About 30 evicted homeless campers that moved from Saanich to a campground at Goldstream Provincial Park have been told they can stay.
Environment Ministry spokesman David Karn confirmed there is no deadline for homeless campers to leave the Goldstream Provincial Park campground.
West Shore RCMP and park officials had moved in Wednesday night and told all campers the campground would be closed indefinitely at 11 a.m..
The site is usually opened year-round.
But as that deadline approached and campers packed their belongings Thursday, a provincial government statement said campers would get a 24-hour extension to stay while officials collected further information. However, by Thursday afternoon, Karn said the homeless campers were free to stay but the campground remains closed to other overnight guests. The ministry said there was miscommunication earlier in the day.
“The province has no deadline in place for their stay at present while outreach workers work with them on supports, including shelter and housing,” Karn said.
The public can still use the park during the day and people with reservations at the campground will get a refund.

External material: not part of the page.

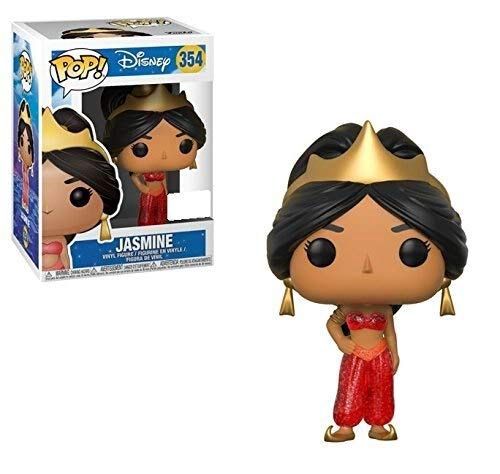 #354 - Disney - Jasmine - Funko Pop!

The B.C. government said a 24-hour extension has been granted to existing campers at Goldstream Provincial Park. During that time, the government will collect further information and examine the situation. #yyj
— CHEK News (@CHEK_News) September 20, 2018
Housing Minister Selina Robinson said in a statement the campground was closed to ensure public safety, adding the park isn’t an appropriate place to establish a tent city.
“Our goal is to get people into shelters and longer-term housing,” she said.
Homeless advocate Ashley Mollison said the extension gives the campers a safe place to stay while they try to find suitable housing.
“This whole week we’ve seen that we’ve been chased by three levels of government and we’ve had five police departments that are chasing homeless people from park to street to now campground,” she said.
“This kind of action towards homeless people really escalates anti-homeless hate.”
There was also a confrontation at the park gates between Langford residents and homeless supporters, with roughly 20 residents arriving at Goldstream.
— April Lawrence (@AprilCHEK) September 20, 2018
The face-to-face encounter between the two sides forced West Shore RCMP officers to step in.
Jamie Thomson said he understands the need for housing but was concerned a large group of people were about to make the park their home for an indefinite time because of the impact they could have on “a completely and utterly pristine environment.”
“Let’s find somewhere they can go but let’s find somewhere they can go that can be fixed afterwards,” he said.
Lynne Hiback wiped away tears after explaining she felt she was being treated unfairly because she is homeless.
“I want shelter. I want protection,” she said. ”I want people for us, not against us.”
After nearly five months occupying a tent city at Regina Park in Saanich, homeless campers have been on the move from the Saanich park, to provincially-owned land and now the provincial park in just over a week.
The campers moved to Goldstream Park after initially planning to occupy Rudd Park in Saanich Tuesday night, but were not allowed to start setting up until 7 p.m. because of a municipal bylaw.
Saanich police were also prohibiting the unloading of larger items, like couches, from the groups’ U-Haul trailers that were provided by advocates.
The campers had been removed Tuesday morning from Ministry of Transportation and Infrastructure land near Highway 17 by Saanich police, who were given the authorization to do so by the ministry.
They had been on that land since last Friday after being evicted from Regina Park earlier in the week.
Goldstream Park is in Premier John Horgan’s riding of Langford-Juan de Fuca, located 16 kilometres northwest of Victoria. There are 173 campsites at the 477-hectare park and two group sites.
The park is known for its huge 600-year-old Douglas fir trees and western red cedars. The park is also the site of an annual chum salmon spawning run, which draws thousands of visitors to the riverside trails and observation platforms.